I had conceived the organizing idea behind this innovative school more than two decades ago, while teaching 5th grade in Brooklyn, N.Y. Watching my students’ learning habits and social interactions then-with status determined as much by muscle, looks, or clothing as by brains or abilities--I had wondered whether injecting into classes a truer sense of what the world would be like after school might not change both the way students thought about learning and how they viewed one another.

I found that it did. And my book on what I learned through the experiment caught the eye in 1981 of officials in Lowell, who were then seeking to frame a successful desegregation plan around the magnet-school concept.

As the P.B.S. documentary showed, Lowell’s use of the micro-society approach has transformed one city school into an exciting and vital place to be, one where teachers and students love to come to work and the normal drudgery of schooling magically evaporates.

Though Lowell’s magnet may at present be the only functioning school of its kind in the world, interest in the micro-society concept has begun to catch on elsewhere.
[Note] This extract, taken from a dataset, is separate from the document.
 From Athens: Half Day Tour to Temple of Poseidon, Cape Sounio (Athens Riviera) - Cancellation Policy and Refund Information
Educators and business interests in Baltimore, Yonkers, N.Y., and as far afield as Budapest, Hungary, seem intrigued with the model and its potential applications.

The reason, I think, is that micro-society offers a means of restructuring schools that can also help restructure society. Learning is made relevant, interactive, and empowering.
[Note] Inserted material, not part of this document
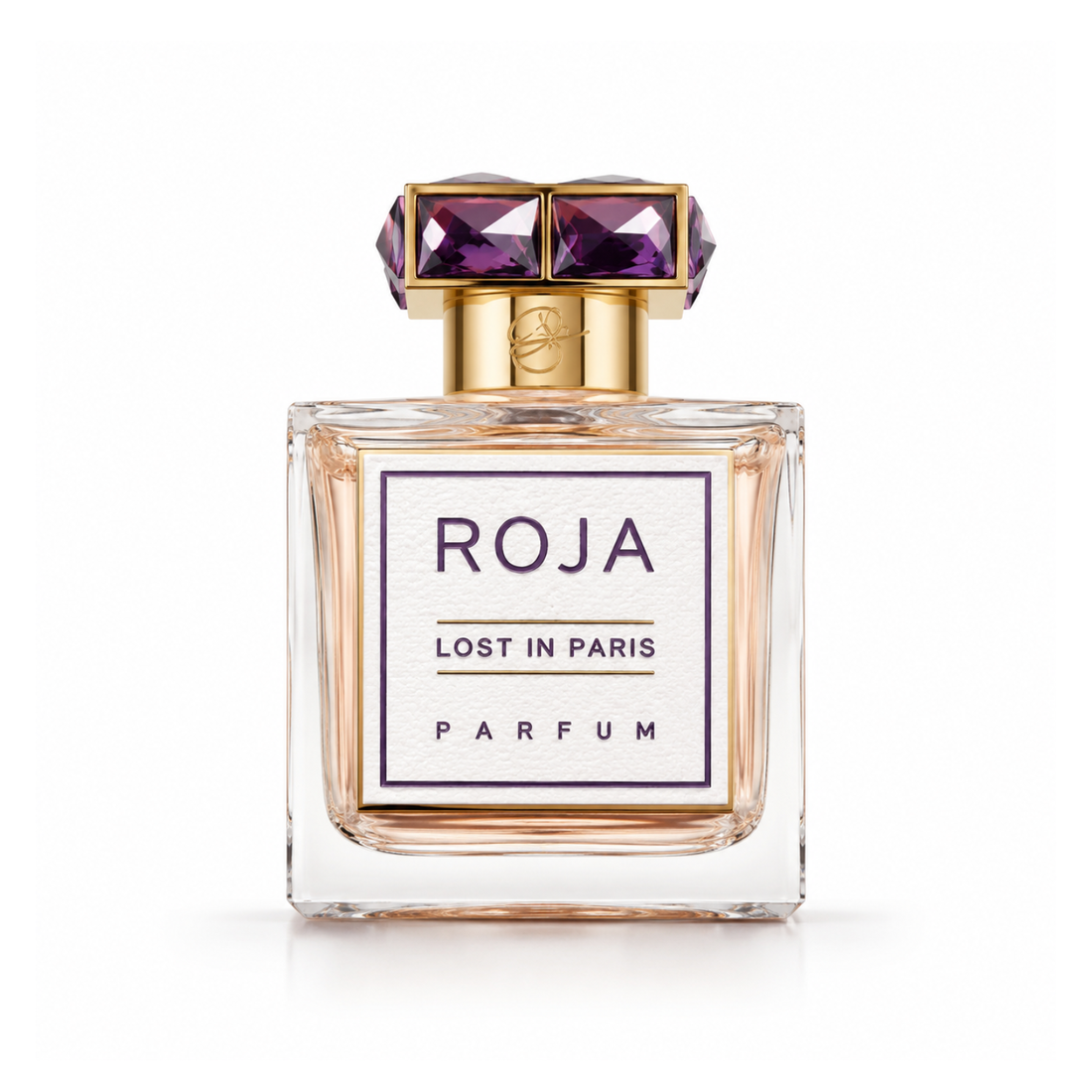 Lost in Paris Parfum 100ml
In Budapest, for example, educators have expressed an interest in micro-society as a possible way of preparing students for roles in market-driven economies, and for entry into jobs in the country’s nascent but growing private sector. They also are seeking ways to help influence the evolution of democratic institutions and practices. And in this respect, micro-society offers them a model of concreteness.

Put simply, a micro-society school is one in which students build a society in miniature. This entails adding markets, property, small businesses, government agencies, and cultural organizations to the pot we call school. Children create and run these enterprises and, in so doing, learn to use money and other financial instruments to buy, sell, save, and invest. They also establish legal institutions and a body of laws, sometimes by conducting a “constitutional convention,” sometimes by maintaining ongoing civic institutions, like courts and a legislature, where classroom rule-making occurs. In a micro-society setting, work, being productive, generating savings, investing capital, making and marketing goods and services, forming corporations and partnerships, and deal-making are part of the core of a student’s school experience, starting as early as the 1st grade.

Such a program can be fashioned in many ways to accomplish a variety of objectives. At minimum, it can be adapted to the needs of an existing school that wishes merely to enhance its curriculum by increasing the number of opportunities students have to apply what they have been taught in academic courses; it adds a “living core” to a curriculum students may find dry, remote to their experience, abstract, and forgettable. At maximum, it can serve, as in Lowell, as the concept around which an entire school or a small community can be organized.

In a micro-society school, students publish newspapers, magazines, and books. They produce materials for sale to younger or less advanced students. They apply math skills and concepts in their own classroom business enterprises, which may range from banks, architectural firms, and real-estate-development agencies to retail shops, stock exchanges, art galleries, and theaters. Social studies come alive as students invent and conduct affairs in their own legislative, executive, and judicial institutions. Computer technology becomes real to a student who must generate business records and financial data for management or tax purposes, or who operates a word- and data-processing company. Science also gains more meaning for students engineering products, developing environmental-protection enterprises, caring for animals and plants, or publishing their findings in a (class-run) science journal.

Students, particularly adolescents, need a place where they can influence, shape, and develop their environment. And a micro-society gives them opportunities to try out the roles adults play in the larger society. The classroom’s society in miniature is also a place where they can forge a positive self-image, in a context that approximates the internal and external pressures adults face in the real world. Micro-society can serve these students as a laboratory for personal and social development, as well as a center for economic and political advancement.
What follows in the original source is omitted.